白姌眼睛一眯,冷笑道:“这野猪肉分量不对吧?”
女人的话让李忆愣了一下,转而看向东边的小屋子门口的男人。
他摸了摸后脑勺:“妻主说过家里的食物由武延哥管理,而且他说了,这是您一人的量。”
话里话外,都在抗拒盛祤的到来。
白姌抬起头转向东边屋子的位置,就看到武延站在门口,双手交叉放置胸口处,还一副冷淡地盯着她。
“你把这块肉烤好,送到盛祤屋里。”
女人留下这句话,就大摇大摆地走到了武延面前。
留在小厨房的李忆不甘心地在原地直跺脚。
妻主眼里只有武延哥,还有那个新来的狐狸精。
屋子前。
武延看到女人往这边走,嘴角慢慢勾起一抹笑意。
随之,男人手里拿着竹制兵器,还在用石头一点一点打磨,对白姌一副爱答不理的样子。
“以后家的食物我亲自管。

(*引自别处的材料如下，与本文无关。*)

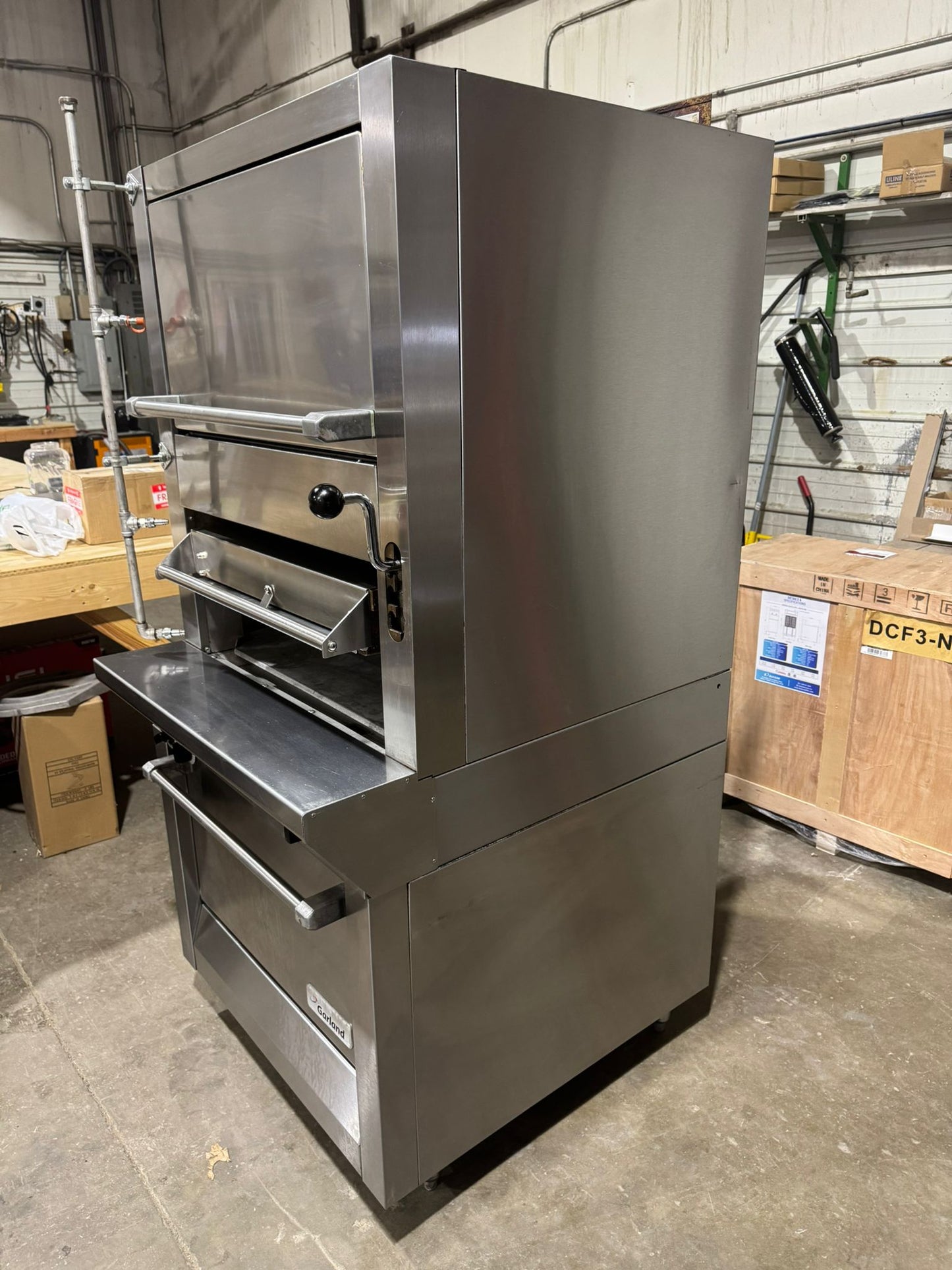 Used Garland M100XRM Upright Infrared Broiler with Standard and Finishing Ovens - 110,000 BTU NG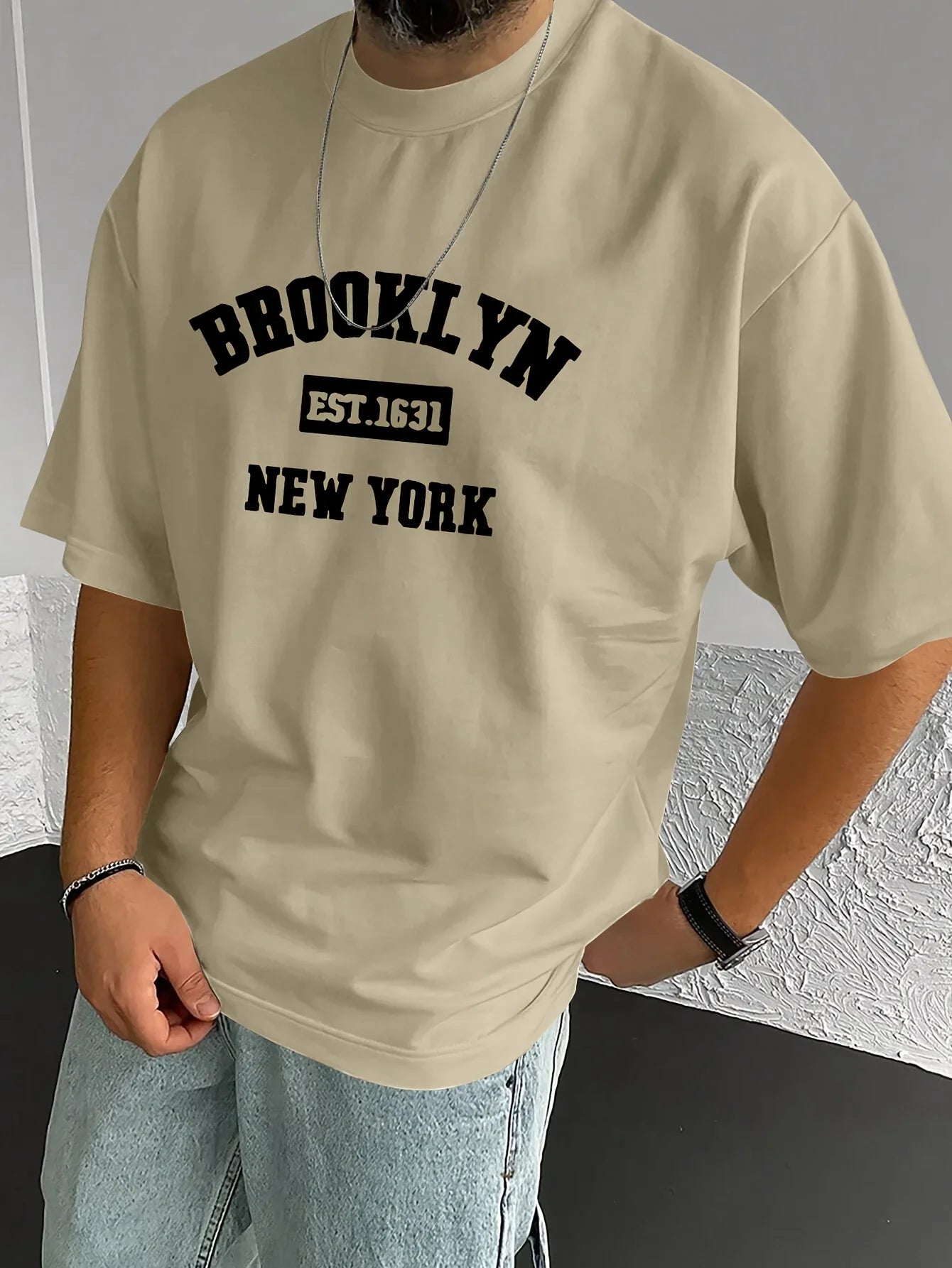 Men's summer 100% pure cotton fashionable casual loose sports Brooklyn pattern printed round neck short sleeved T-shirt top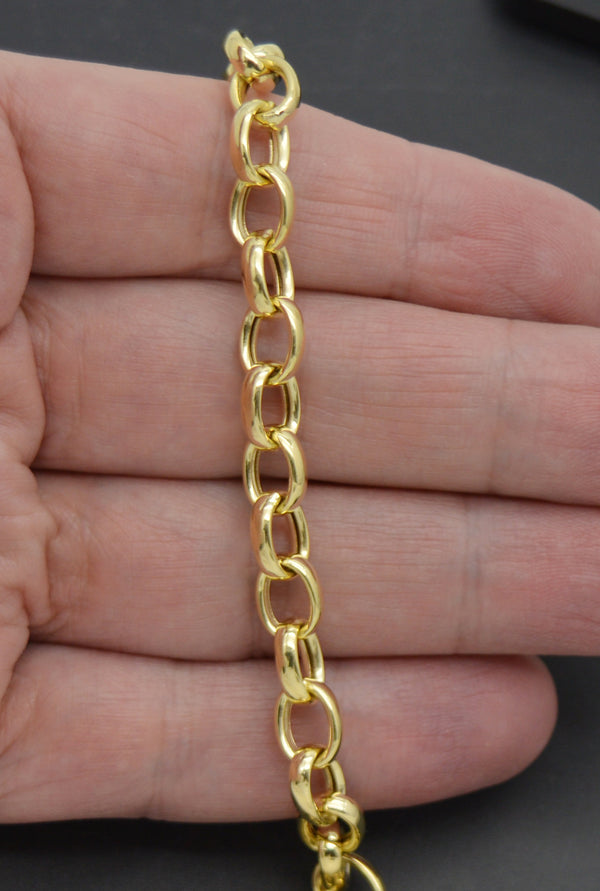 Real 14K Solid Yellow Gold Shiny 7.5" Rolo Link Chain 7mm Bracelet 6.8 Grams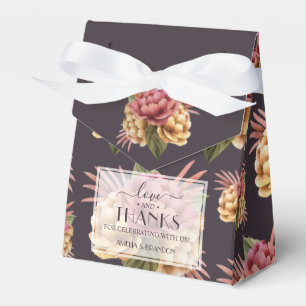Chic Watercolor Peonies Floral on Purple Brown Favour Box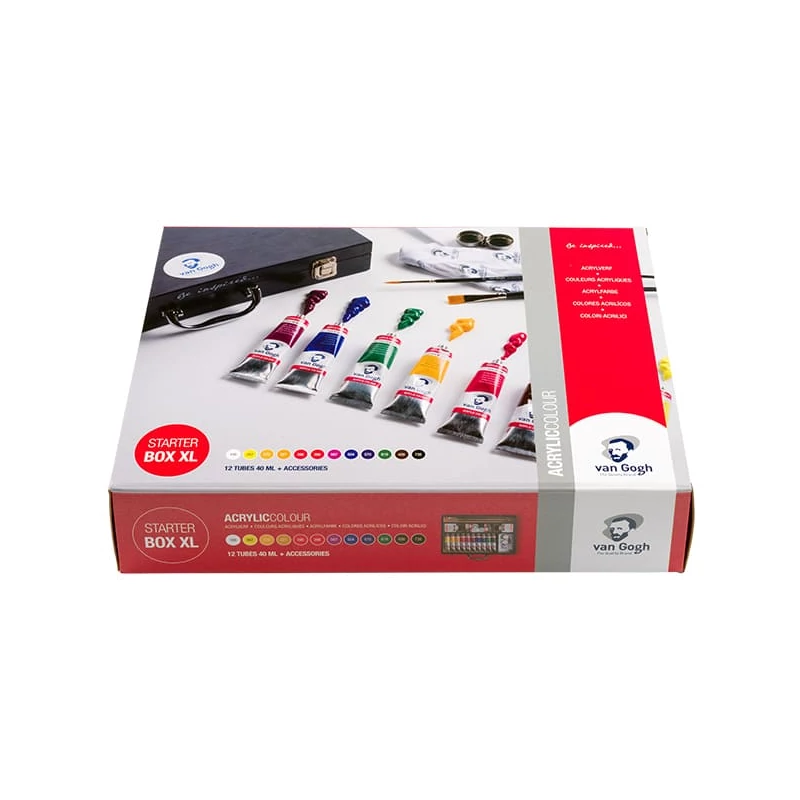 Sada na maľovanie akrylovými farbami Talens Van Gogh - Starter Box XL: 19 kusov, drevená krabička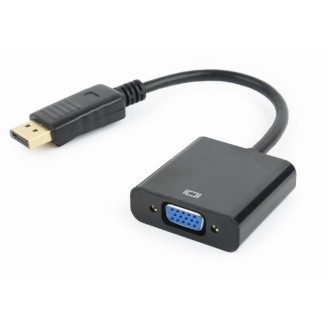 Adaptor DisplayPort (T) la VGA (M) Gembird, 10cm, Full HD Negru (A-DPM-VGAF-02)
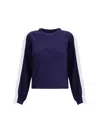 Pinko Knit Crewneck Sweatshirt With Embossed Logo In Blu E Bianco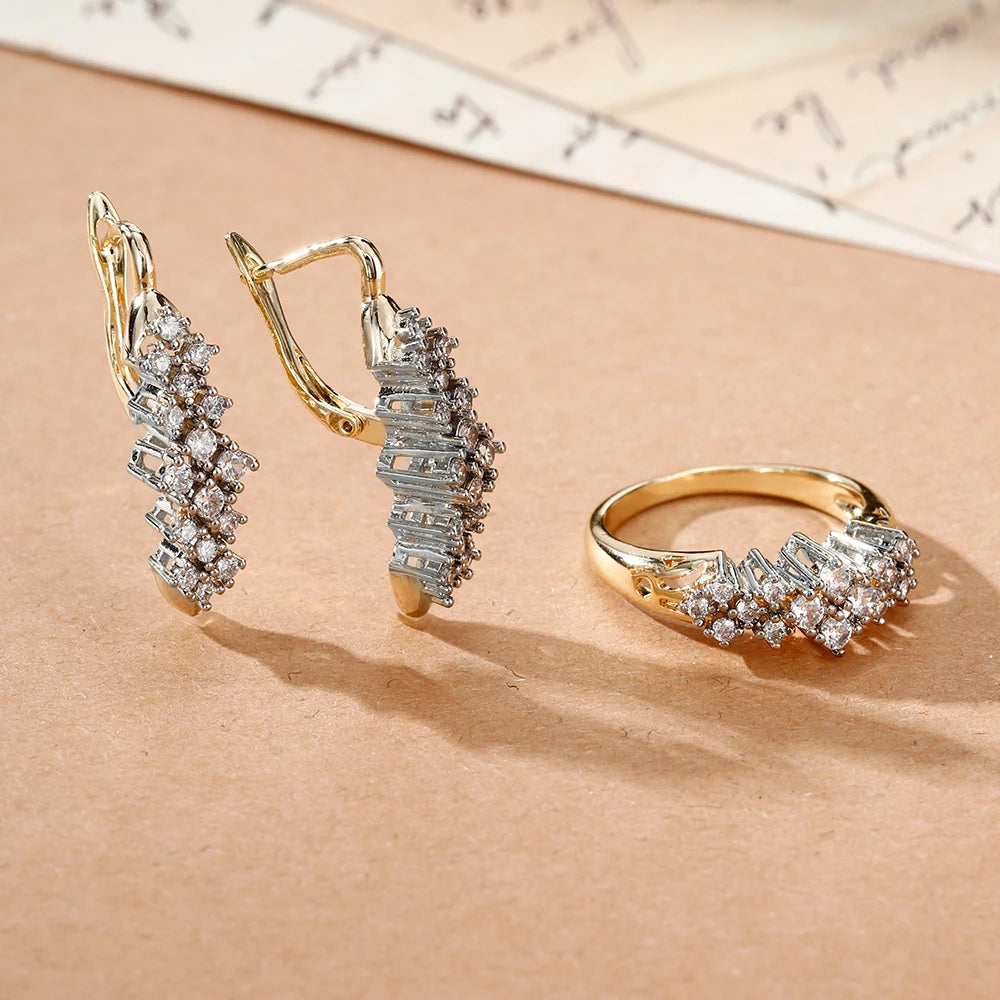 Personalized design inlaid zircon earrings and ring set copper plated 14K gold elegant fashion jewelry wedding banquet gifts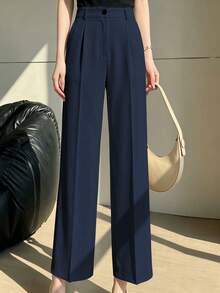 Women's High-Waisted Pleated Loose Fit Trousers, Suitable For Work And Casual Wear, Navy Blue, Spring/Summer - Navy Blue - View 1
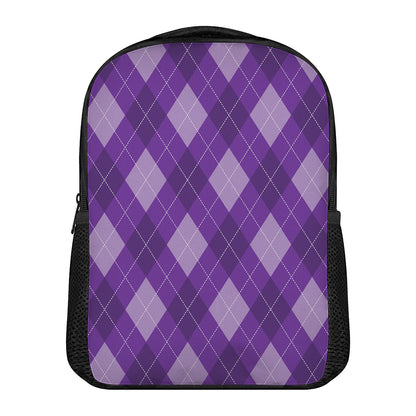 Purple Argyle Pattern Print Casual Backpack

”
白姌从这边走过去,留了一句话,就钻进了盛祤的屋子里。
武延还以为她过来求自己搬回去。
谁知竟然为了那只狐狸,对他一次又一次侮辱。
男人将手里的兵器一扫,全都扔在了地上。
何吟抱着野果子刚回来,就看到武延黑着脸,还坐在妻主的那间破屋子前。
他疑惑道:“武延,你怎么搬到这间屋子了?”
本就生气,还有人一次又一次提醒他,武延站起来瞪着面前的兔子。